It forms when ultraviolet sunlight breaks apart water molecules. Additional evidence recently came to light.
Venus Express trained its infrared sensors on the planet’s night side, to look at how
the terrain emits the energy captured in the heat of the day. This picture is a composite of over a thousand
individual images of Venus’ southern hemisphere. Higher elevation areas, shown in blue, emit
less heat than the surrounding basins. That supports a hypothesis that these areas
are made not of lava, but of granite. On Earth, granite forms in volcanoes when
magma mixes with water. If there’s granite on Venus, then there may well have been water. If Earth and Venus emerged together as twin
blue marbles, then at some point, the two worlds parted company. Earth developed ways to moderate its climate,
in part by removing carbon dioxide, a greenhouse gas, from its atmos phere. Plants, for one, absorb CO2 and release oxygen
in photosynthesis. One square kilometer of tropical jungle, for example, can take in
several hundred tons of co2 in just a year. That’s nothing compared to the oceans. In
a year’s time, according to one recent study, just one square kilometer of ocean can absorb
41 million tons of CO2. Earth takes in its own share of CO2. When
rainfall interacts with rocks, a chemical reaction known as “weathering” converts
atmospheric CO2 to carbonate compounds. Runoff from the land washes it into rivers and the
seas, where they settle into ocean sediments. With little water and no oceans, Venus has
no good way to remove CO2 from its atmosphere. Instead, with volcanic eruptions adding more
and more CO2 to the atmosphere, it has trapped more and more of the sun’s heat in a runaway
greenhouse effect. Venus is so hot that liquid water simply cannot
survive on the surface. Nor, it seems, can it last in the upper atmosphere. The culprit is the Sun. The outer reaches
of its atmosphere, the corona, is made up of plasma heated to over a million degrees
Celsius. From this region, the sun sends a steady stream of charged particles racing
out into the solar system. The solar wind reaches its peak in the wake
of great looping eruptions on the surface of the Sun, called coronal mass ejections. The blast wave sweeps by Venus, then heads
out toward Earth. Our planet is fortified against the solar
blast.

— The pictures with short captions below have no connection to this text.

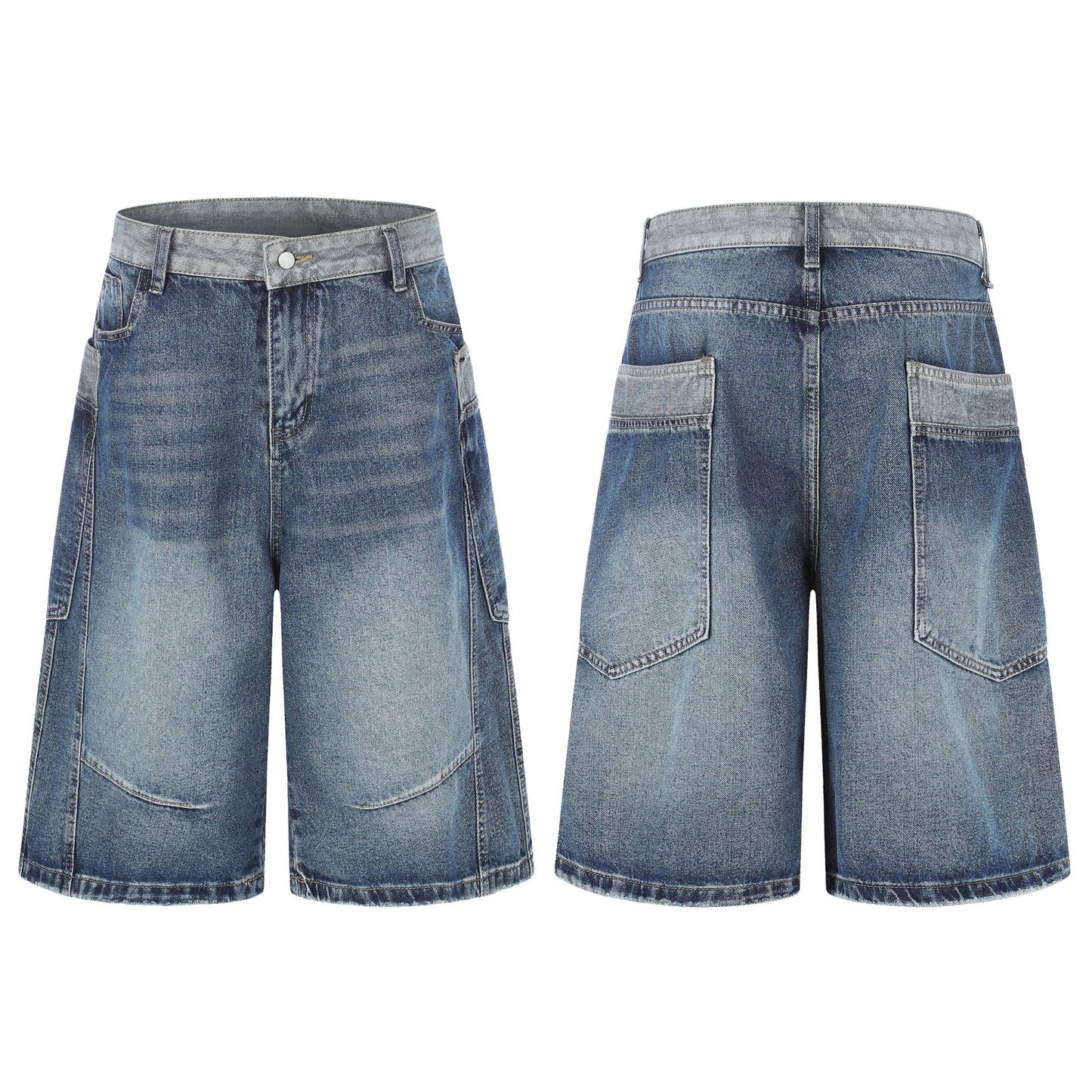 Color Block Washed Wide Leg Denim Half Jeans WN25961
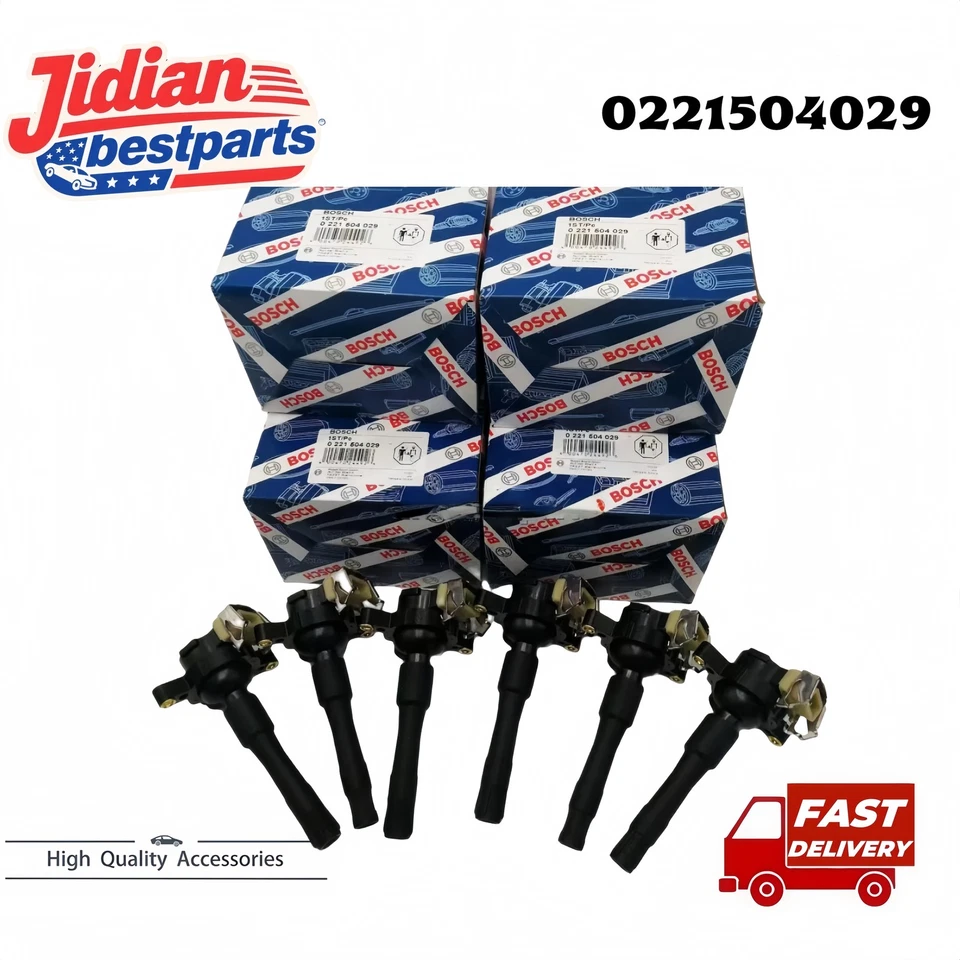 6x Ignition Coil 0221504029 Fits For BMW 323CI 323I 323IS 323IS 325I 325XI New - Изображение 1 из 4
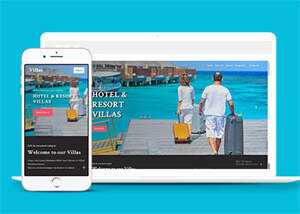 简约酒店度假别墅网站模板源码 - 源空间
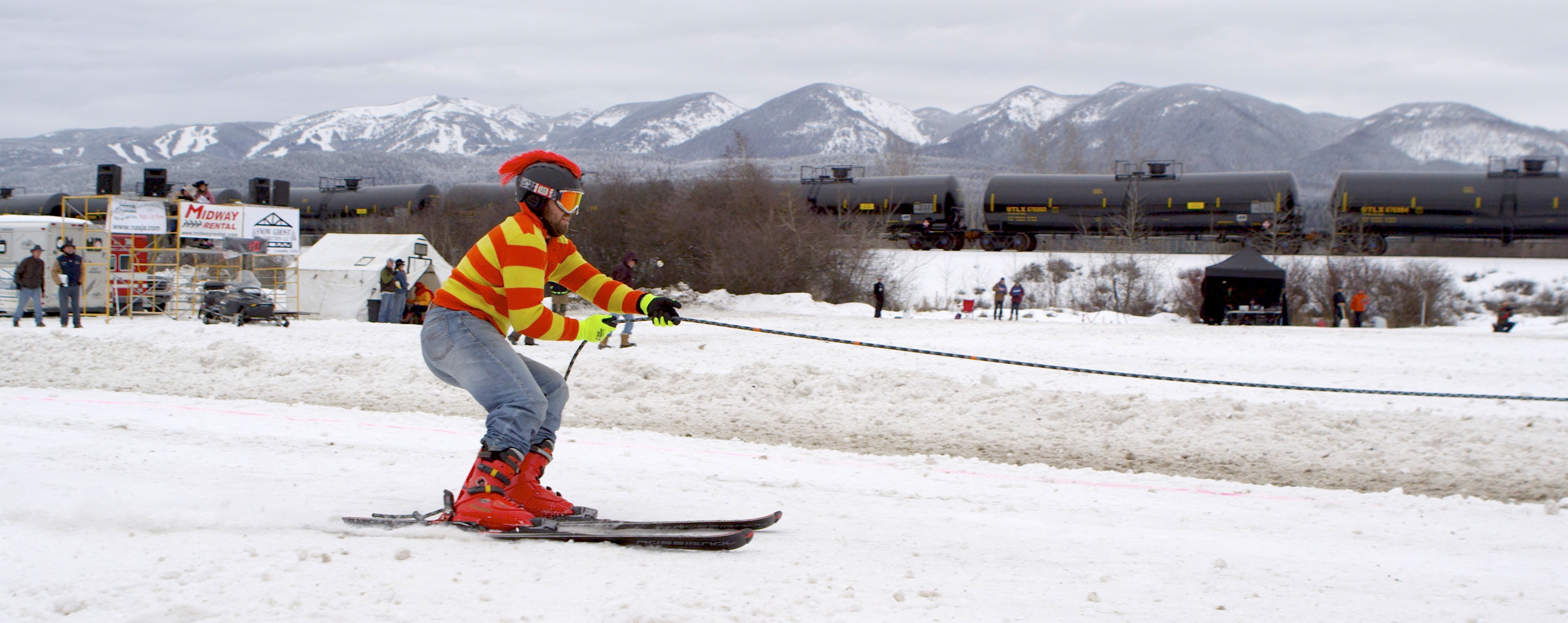 Skijoring in Whitefish, Montana, winter 2014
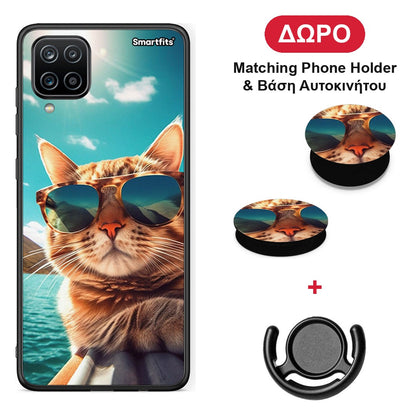 Summer Cat - Samsung Galaxy A12 θήκη + Δώρο Phone Holder & Βάση Αυτοκινήτου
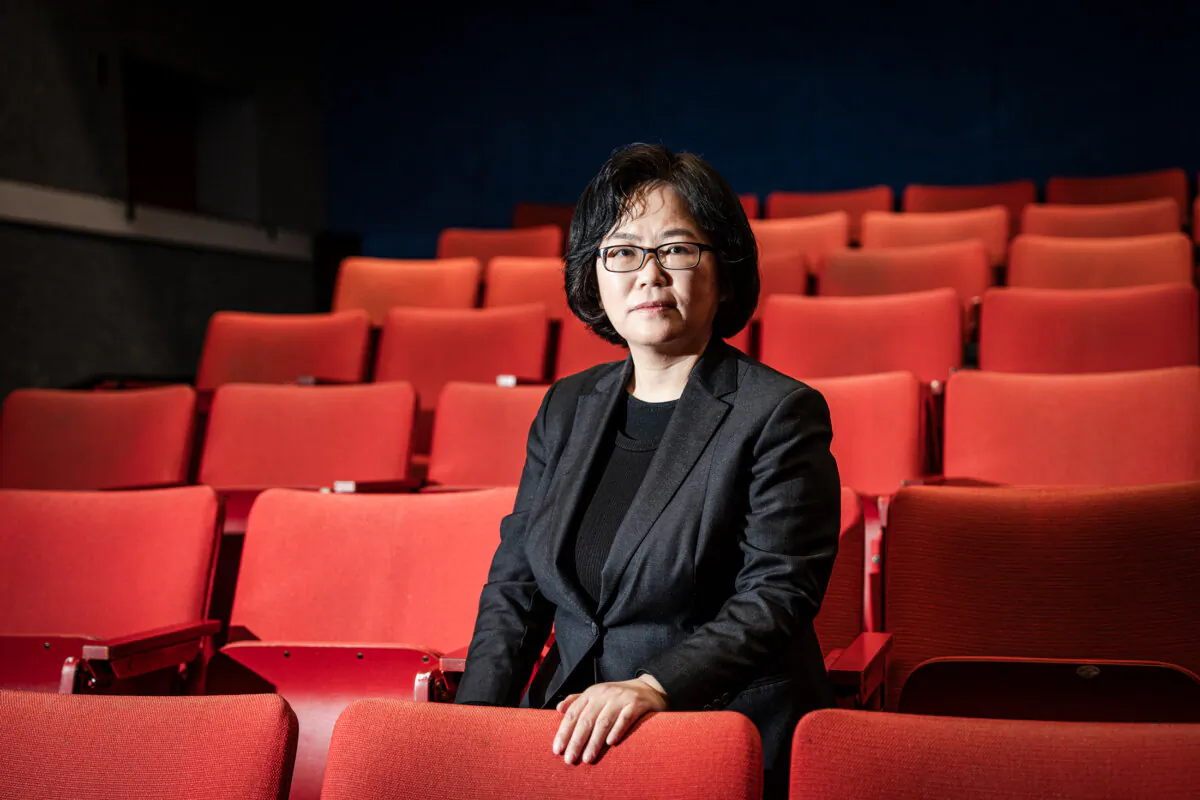 Cindy Song, producer and writer of the award-winning documentary "State Organs," after a screening at Harvard University in Boston on March 7, 2024. (Samira Bouaou/The Epoch Times)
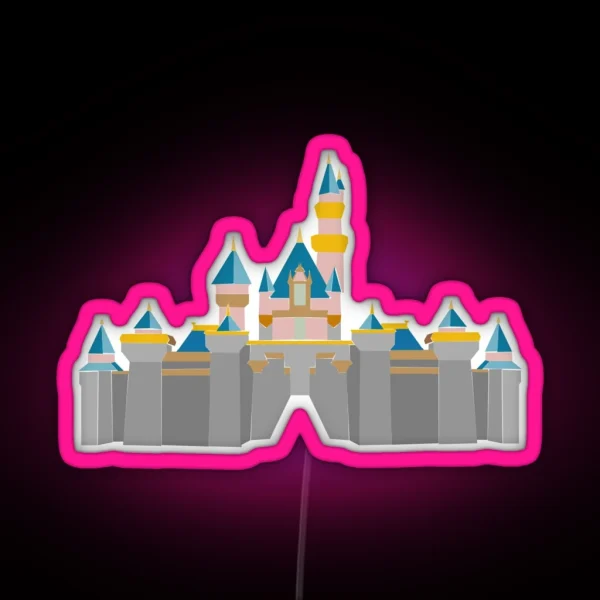Pastel Geometric Castle RGB Neon Sign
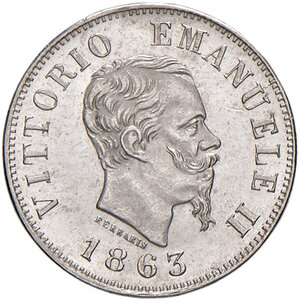 obverse: Savoia. Vittorio Emanuele II re d’Italia (1861-1878). Da 50 centesimi 1867 (Milano) AG. Pagani 527. MIR 1088a.  FDC 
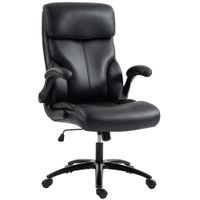 homcom silla de oficina ergonomica con reposabrazos abatibles sillon de oficina en pu altura regulable funcion de balanceo negro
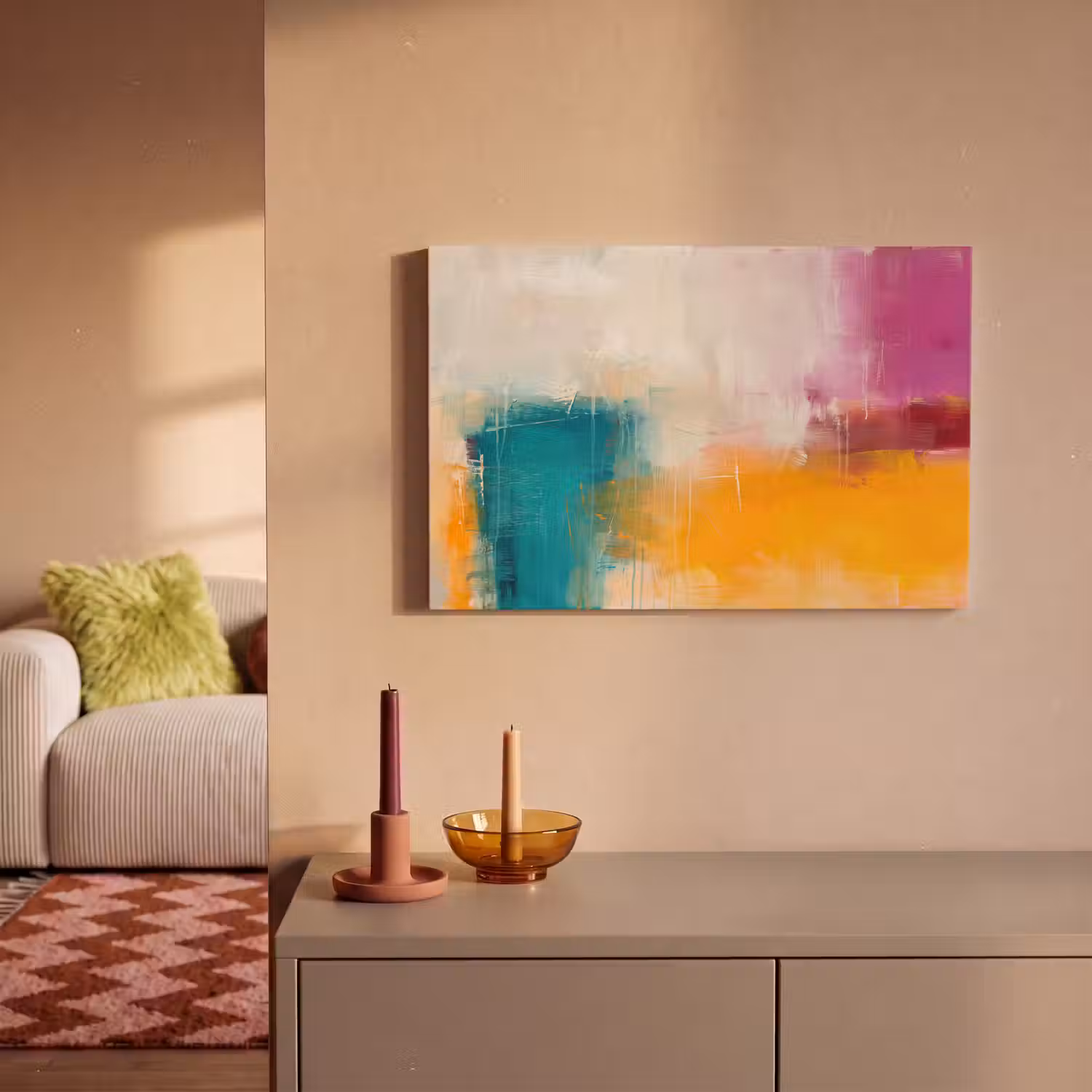 Abstract - Kleurrijk - Modern - Kunst - Oranje canvas 2cm klein -sfeer1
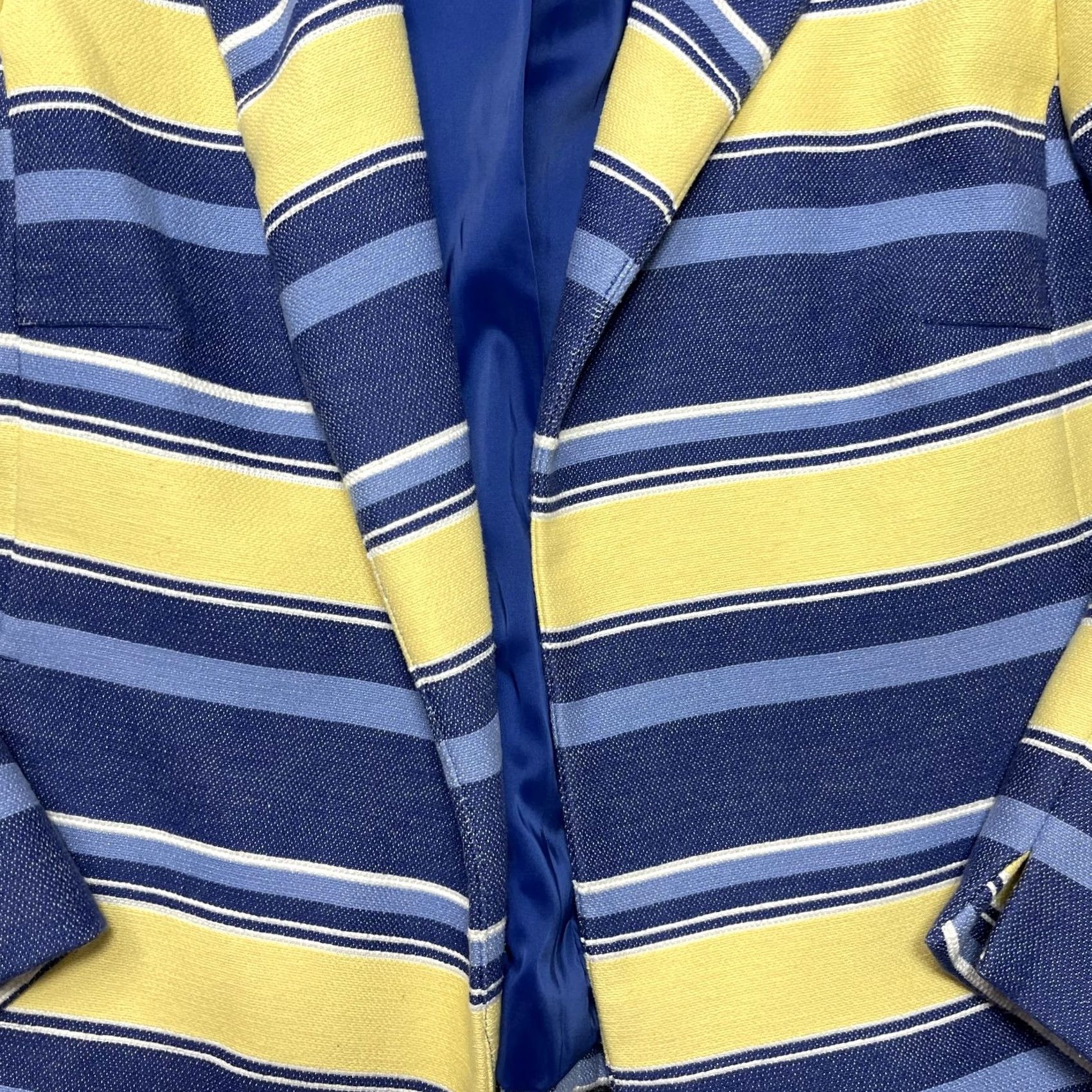 Talbots Talbots Womens Blazer Jacket - 6 Grey White Stripe Open Front Lined Career Work Size M / US 6-8 / IT 42-44 - 2 Thumbnail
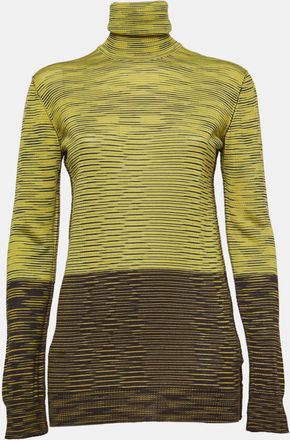 M Missoni Yellow/brown Patterned Knit Turtle Neck Sweater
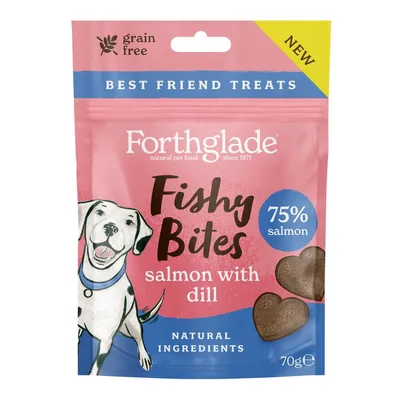 Fishy Bites salmon with dill treats, 75% salmon, grain free, natural ingredients, 70g pack. Label shows heart-shaped treats and highlights 'Best Friend Treats' and 'New'.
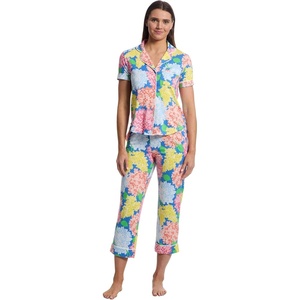 image:imagekate spade new york Short Sleeve Cropped PJ SetPainterly Hydrangeas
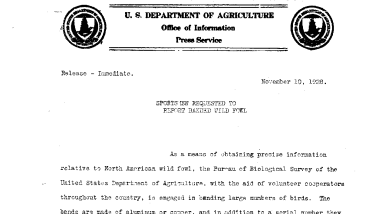 Sports Men Requested to Report Banded Wild Fowl November 10, 1928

Plumes of hot magma rise and fall in Earth’s
core as it spins, generating a magnetic field that extends far out into space. It acts as a shield, deflecting the solar
wind and causing it to flow past. It’s this protective bubble that Venus lacks. Venus Express found that these solar winds
are steadily stripping off lighter molecules of hydrogen and oxygen. They escape the planet
on the night side, then ride solar breezes on out into space. All this may be due to Venus’ size, 80%
that of Earth. This prevents the formation of a solid iron core, and with it the rising
and falling plumes that generate a strong magnetic field. There may be another reason too, according
to a theory about the planet’s early years. A young planet Venus encountered one or more
planet-sized objects, in violent collisions. The force of these impacts slowed its rotation
to a crawl, and reversed it, reducing the chances that a magnetic field could take hold. This theory may have a surprising bearing
on Earth’s own history. Scientists believe the sun was not always
as hot as it is. In fact, going back several billion years, it was cool enough that Earth
should have been frozen over. Because it was not, this is known as the faint
young sun paradox. Earth’s salvation may well be linked to
Venus’ fate. The idea is that the Earth occupied an orbit
closer to the Sun, allowing it to capture more heat. The gravity of two smaller planets
with unstable orbits would have gradually pushed it out to its present orbit. The pair
would eventually come together, merging to form the Venus we know. As dead as Venus is today, it has brought
surprising dividends in the search for life. On its recent crossing between Earth and the
Sun, astronomers were out in force. In remote locations where the viewing was
optimal, such as the Svalbard islands north of Norway. The data gathered here would be
added to that collected by solar telescopes on the ground and in space. To object for most was to experience a spectacle
that will not occur again till the year 2117. It was also to capture sunlight passing through
Venus’ atmosphere. Today, the Kepler Space Telescope is searching
for planets around distant stars by detecting dips in their light as a planet passes in
front. Telescopes in the future may be able to analyze
the light of the planet itself. If elements such as carbon or oxygen are detected, then
these worlds may well be “Earth-like.” Venus provides a benchmark, and some valuable
perspective. So what can we glean from the evolution of
planet Venus? As we continue to scan the cosmic horizons,
the story of Venus will stand as a stark reminder. It takes more than just the right size, composition,
and distance from the parent star, for a planet to become truly Earth-like. No matter how promising a planet may be, there
are myriad forces out there that can radically alter its course. For here was a world, Venus, poised perhaps
on the brink of a glorious future. But bad luck passed its way. Now, we can only
imagine what might have become of Earth’s sister planet? 8


  • Larry Flanagan says:

    How did the Soviet Union land Venus it couldn't be done with parachutes they would have burned up. I call this video bullshit.

  • Riya .S says:

    The Romans were right Venus ruled people are really hot

  • bulldog Brown says:

    Push some asteroids into Venus in the future.  Blast away most of the atmosphere.  start over.  We should take every Nuclear bomb in the world and bomb Mars.  Sure it will be hands off for thousands of years but terraforming easier and quicker than we could by sending robots and ill equipped Astronauts.    Yes I know we might kill a mold or bacteria but when it comes to our survival and a Xenomorph I choose us.   Just kidding, I could care less.  I'll be dead and AOC might still be in congress.

  • Darlene Worthy says:

    Greetings great day May love and peace be upon All just was thinking of the other begins enjoy more still got em

  • Crispy2012A says:

    Death of a Planet?…try birth of a Planet…Venus is a baby in our solar system…just because a cosmologist has a wild imagination, does not mean their hypothesis was correct.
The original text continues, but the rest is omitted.